An exact transcription of the entries is required, with no images included.

(The records)

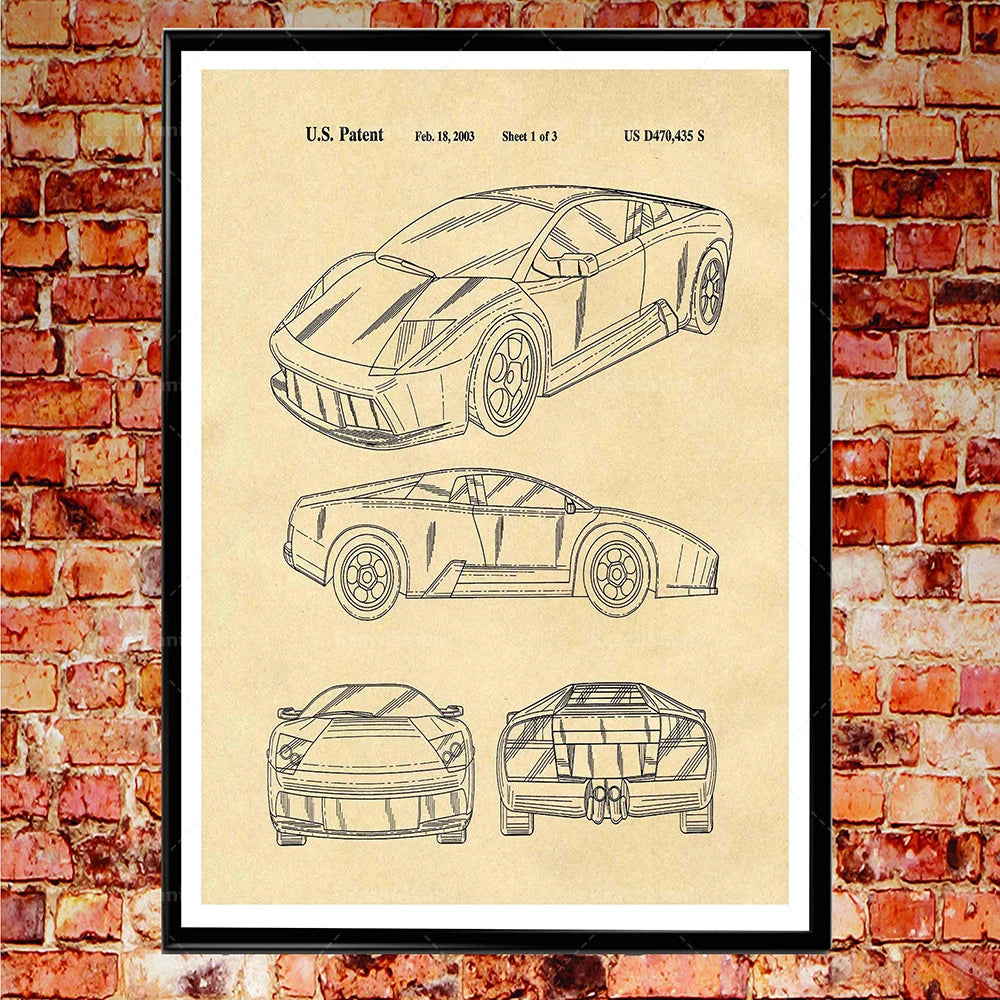 Sports Car Patent Poster | Automotive Blueprint Wall Art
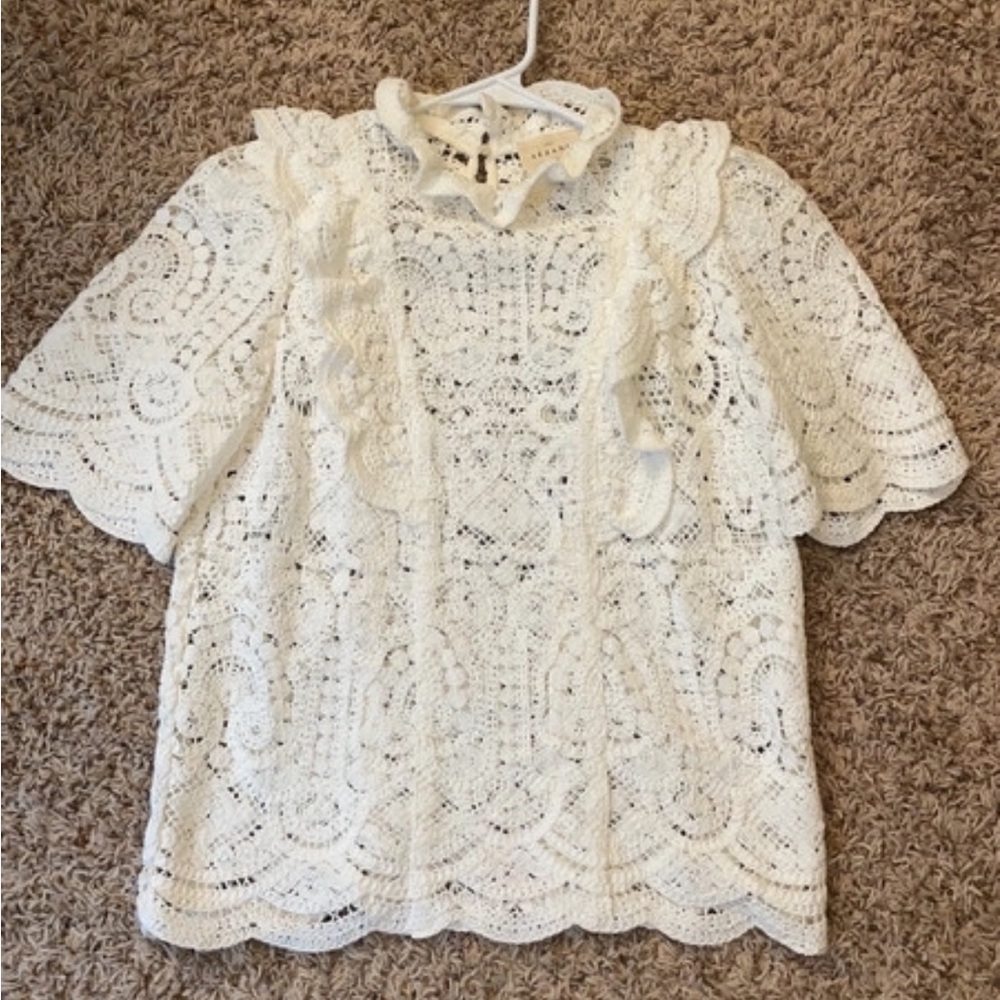 Sézane White Crochet Blouse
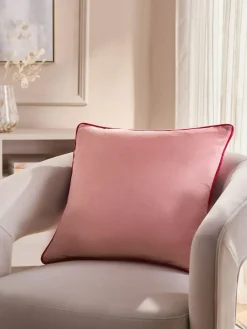 Next Pink Matte Velvet Contrast Pipe 50 x 50cm Cushion^ Cushions & Throws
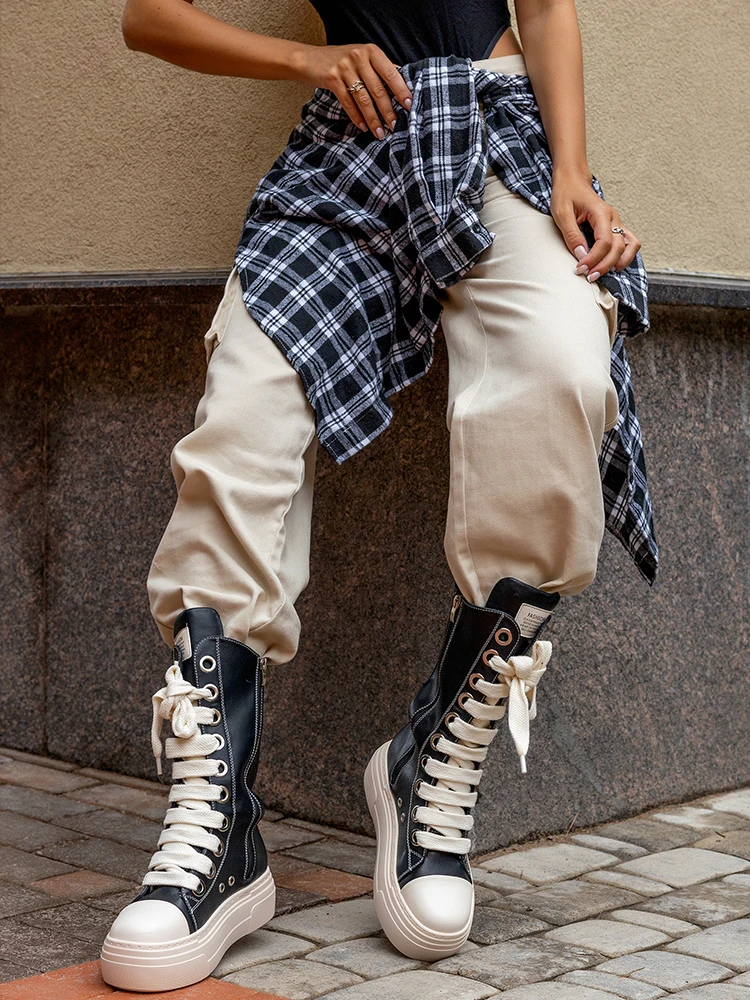 GMQM Women Knee High Boots Lace Up Zip High Heels Black Flat Platform Boots Round Toe Thick Sole Sneakers Outerwear Sport Shoes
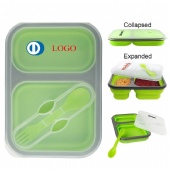 Silicone Collapsible Lunch Box, 2-Compartment, BPA Free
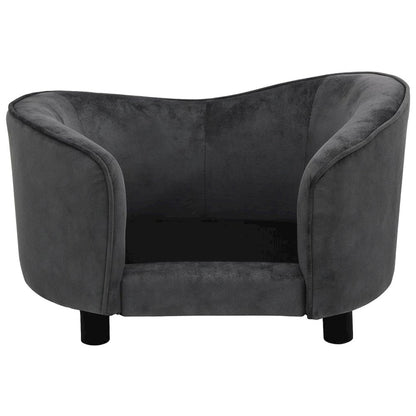 Dog Sofa Dark Grey Plush (80% Polyester, 20% Cotton), Solid Fir Wood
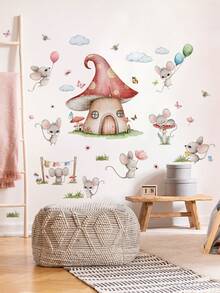 1套3入組卡通老鼠和蘑菇屋牆貼紙,適用於客廳臥室家居裝飾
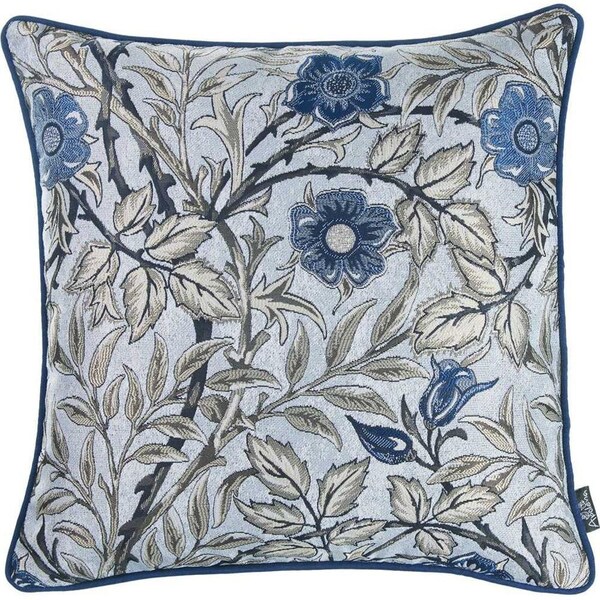 Homeroots 17 x 17 in. Blue Jacquard Leaf Decorative Throw Pillow Cover - 355615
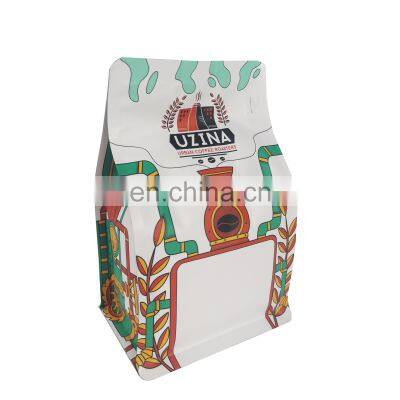 250g wholesale custom printed stand up pouch with valve / zipper flat  bottom coffee packaging bag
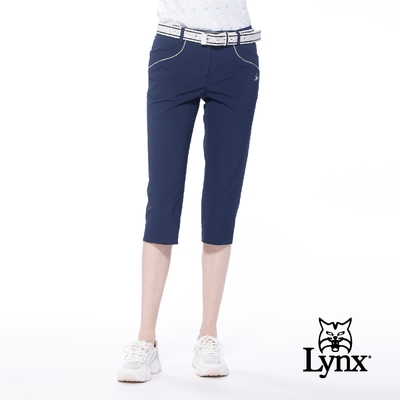 【Lynx Golf】女款日本布料吸汗速乾舒適配色口袋褲腳開衩窄管七分褲-深藍色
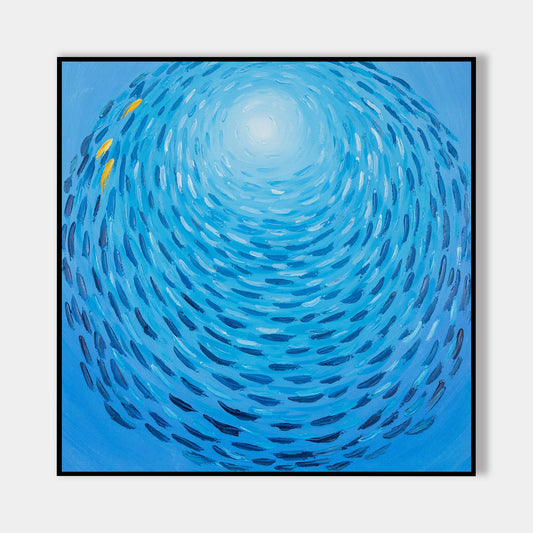 Vibrant School Of Fish Abstract Oil Painting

(End The records)

## Solution for this problem
 Sports Car Patent Poster | Automotive Blueprint Wall Art
 Sézane White Crochet Blouse
 Next Pink Matte Velvet Contrast Pipe 50 x 50cm Cushion^ Cushions & Throws
 GMQM Women Knee High Boots Lace Up Zip High Heels Black Flat Platform Boots Round Toe Thick Sole Sneakers Outerwear Sport Shoes
 Silicone Collapsible Lunch Box, 2-Compartment, BPA Free
 Dog Sofa Dark Grey Plush (80% Polyester, 20% Cotton), Solid Fir Wood
 1套3入組卡通老鼠和蘑菇屋牆貼紙,適用於客廳臥室家居裝飾
 Homeroots 17 x 17 in. Blue Jacquard Leaf Decorative Throw Pillow Cover - 355615
 250g wholesale custom printed stand up pouch with valve / zipper flat  bottom coffee packaging bag
 【Lynx Golf】女款日本布料吸汗速乾舒適配色口袋褲腳開衩窄管七分褲-深藍色
 Vibrant School Of Fish Abstract Oil Painting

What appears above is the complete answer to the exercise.